Di kalangan para wartawan, Akbar adalah politisi yang tak pernah bosan memberi penjelasan. Ia bisa sabar melayani pertanyaan yang berulang-ulang. Sepuluh kali pun pertanyaan sama diajukan, ia tetap jelaskan secara bergantian. ''Ini yang membuat Bang Akbar tetap eksis sampai sekarang,'' kata seorang wartawan senior suatu ketika.
Beberapa kali menjadi anggota kabinet dalam pemerintahan Soeharto, Akbar memegang kendali Ketua Umum Golkar di masa reformasi. Di saat lengsernya Orde Baru yang selama 32 tahun Golkar menjadi pilar utama pemerintahan. Ia memimpin partai di saat bandul politik berubah.
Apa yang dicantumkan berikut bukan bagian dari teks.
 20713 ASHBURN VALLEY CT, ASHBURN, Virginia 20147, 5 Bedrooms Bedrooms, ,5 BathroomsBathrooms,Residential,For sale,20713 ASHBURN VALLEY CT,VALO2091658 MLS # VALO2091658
Ketika segala yang berbau Orde Baru dibenci dan berusaha dihabisi.
Akbar Tanjung (Foto: merdeka)
Banyak pihak menuntut partai berlambang pohon beringin itu dibubarkan. Sebab, dianggap ikut bertanggungjawab terhadap sistem otoriter selama Soeharto memerintah. Partai ini dianggap sebagai bagian dari perusak tatanan bangsa di era sebelum itu. Ia dianggap sebagai penghambat reformasi politik karena Golkar merupakan produk Soeharto.
Presiden Gus Dur sempat mengeluarkan dekrit membekukan Golkar. Hal itu dilakukan bersamaan dekrit presiden Gus Dur untuk membekukan DPR/MPR serta mengembalikan kedaulatan ke tangan rakyat. Untung, dekrit yang dikeluarkan presiden itu tidak efektif dan malah mempercepat proses pelengserannya dari kursi presiden.
Berita Terkait Sebelumnya: SBY, Bisakah Bikin PD Kembali Pede?
Dalam situasi seperti itu, Akbar Tanjung menjadi orang pertama di Golkar. Ia harus menghadapi berbagai hujatan dan cercaan yang ditujukan ke partai dan dirinya. Ia juga harus menghadapi ancaman fisik ketika berkunjung ke daerah-daerah. Beberapa acara temu massa Golkar juga menghadapi pembubaran paksa. Di Jember, ia sempat kucing-kucingan dengan massa yang membubarkan acara Golkar.
Perusakan terhadap aset Golkar juga terjadi di beberapa daerah. Kantor Golkar di Jatim dijarah dan dibakar. Gedung mereka di Blitar diambil alih secara paksa oleh massa.
Ancaman, teror, dan cercaan menjadi santapan sehari-hari Akbar Tanjung selama deti-detik transisi politik tersebut. Partai penguasa selama 32 tahun itu menjadi tidak dikehendaki kahadirannya dalam kehidupan politik di Indonesia.
Akbar Tanjung (kiri) bersama Almarhum Gus Dur. (Foto: nasional.news.viva)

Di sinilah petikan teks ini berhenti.